## EXERCISE DETAILS
Output a character-exact copy of the data, images removed.

## DATA EXCERPT
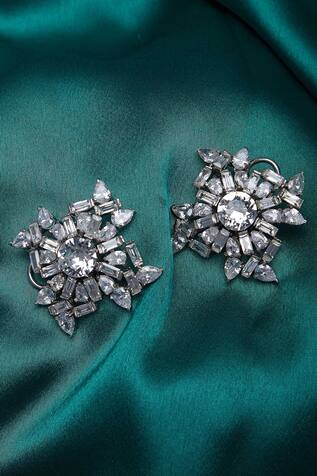 Gewels by Mona Floral design stone stud earrings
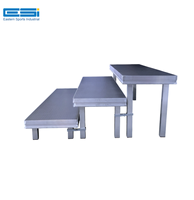 Plateforme de scène modulaire ESI Choir Risers, emboîtable, pour les performances en église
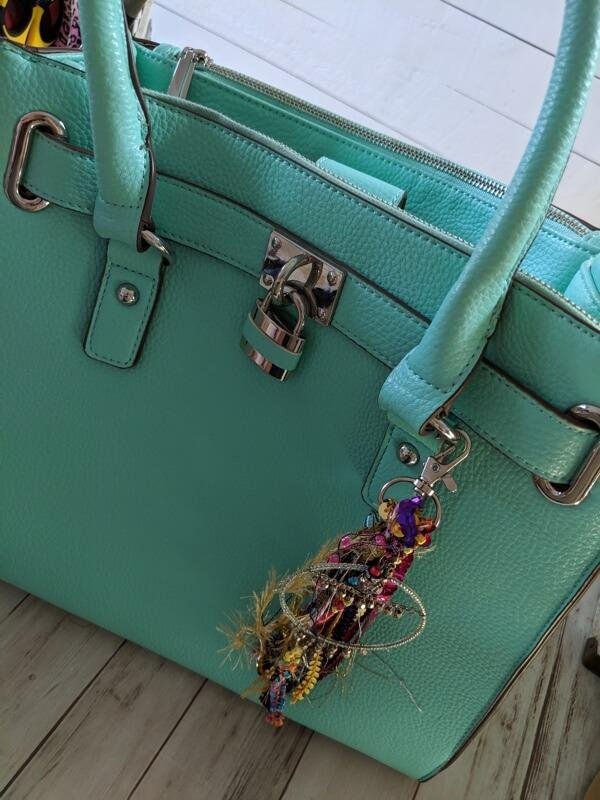 Tassels_onbag1_b67ae6ff-4189-4ef0-819c-c34b51a50862.jpg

## OUTPUT OF THE TASK
 Gewels by Mona Floral design stone stud earrings
 Plateforme de scène modulaire ESI Choir Risers, emboîtable, pour les performances en église
 Tassels_onbag1_b67ae6ff-4189-4ef0-819c-c34b51a50862.jpg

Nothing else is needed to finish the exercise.